(Beginning of SOURCE MATERIAL)
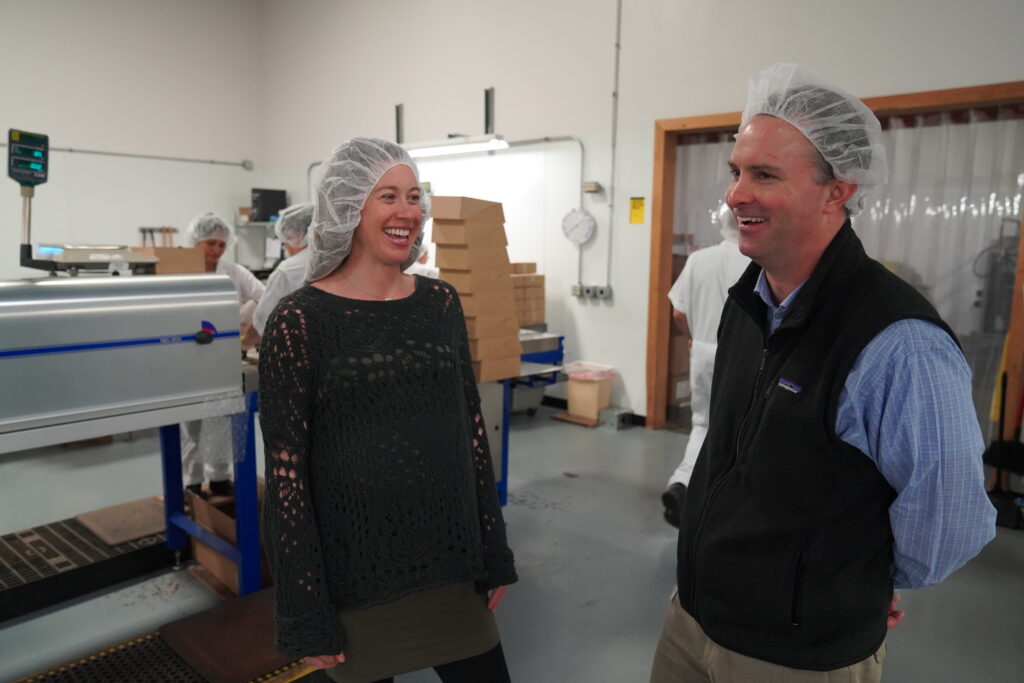 Julia Birnn Fields speaking with Attorney General T.J. Donovan at Birnn Chocolates of Vermont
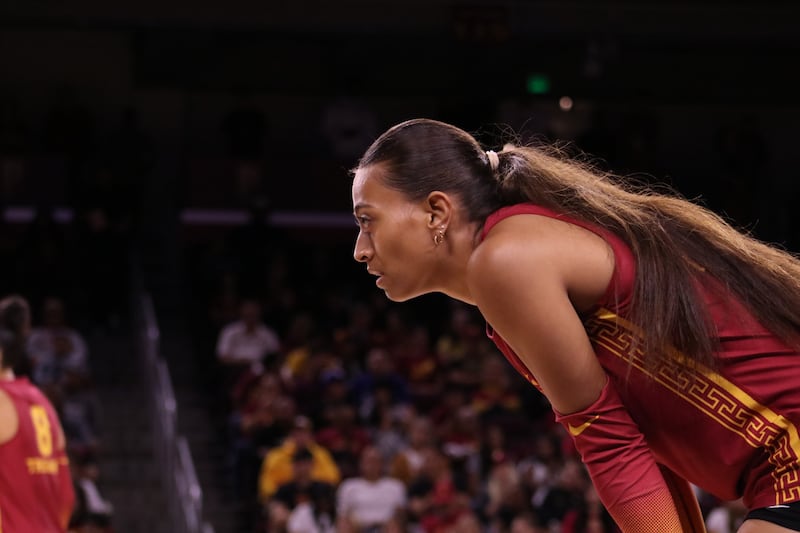 Faumuina in profile with hands on knees wearing cardinal USC volleyball uniform with gold accents.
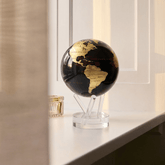 MOVA Globe displayed by a window in a modern interior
(End of SOURCE MATERIAL)
Set down word for word the lines beginning with the one containing "Faumuina in profile" and ending with the last line of the listing, inclusive. Omit every picture.

 Faumuina in profile with hands on knees wearing cardinal USC volleyball uniform with gold accents.
 MOVA Globe displayed by a window in a modern interior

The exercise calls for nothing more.